### Work item
Give back the entire listing below, unaltered.

————————

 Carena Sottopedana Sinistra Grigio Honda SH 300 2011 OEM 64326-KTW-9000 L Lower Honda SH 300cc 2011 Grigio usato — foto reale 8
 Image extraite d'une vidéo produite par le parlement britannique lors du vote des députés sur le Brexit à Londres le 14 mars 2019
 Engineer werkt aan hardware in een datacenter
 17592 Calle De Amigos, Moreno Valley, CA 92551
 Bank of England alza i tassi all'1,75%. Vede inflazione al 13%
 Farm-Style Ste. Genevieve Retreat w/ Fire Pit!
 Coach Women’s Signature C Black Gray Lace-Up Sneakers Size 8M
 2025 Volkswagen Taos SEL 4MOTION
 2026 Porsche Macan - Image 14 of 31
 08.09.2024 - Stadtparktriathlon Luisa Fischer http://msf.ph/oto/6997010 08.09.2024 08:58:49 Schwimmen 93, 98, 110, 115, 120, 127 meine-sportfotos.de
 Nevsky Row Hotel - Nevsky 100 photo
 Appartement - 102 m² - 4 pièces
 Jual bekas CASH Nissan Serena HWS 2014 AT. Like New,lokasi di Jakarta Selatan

————————

### Reply
 Carena Sottopedana Sinistra Grigio Honda SH 300 2011 OEM 64326-KTW-9000 L Lower Honda SH 300cc 2011 Grigio usato — foto reale 8
 Image extraite d'une vidéo produite par le parlement britannique lors du vote des députés sur le Brexit à Londres le 14 mars 2019
 Engineer werkt aan hardware in een datacenter
 17592 Calle De Amigos, Moreno Valley, CA 92551
 Bank of England alza i tassi all'1,75%. Vede inflazione al 13%
 Farm-Style Ste. Genevieve Retreat w/ Fire Pit!
 Coach Women’s Signature C Black Gray Lace-Up Sneakers Size 8M
 2025 Volkswagen Taos SEL 4MOTION
 2026 Porsche Macan - Image 14 of 31
 08.09.2024 - Stadtparktriathlon Luisa Fischer http://msf.ph/oto/6997010 08.09.2024 08:58:49 Schwimmen 93, 98, 110, 115, 120, 127 meine-sportfotos.de
 Nevsky Row Hotel - Nevsky 100 photo
 Appartement - 102 m² - 4 pièces
 Jual bekas CASH Nissan Serena HWS 2014 AT. Like New,lokasi di Jakarta Selatan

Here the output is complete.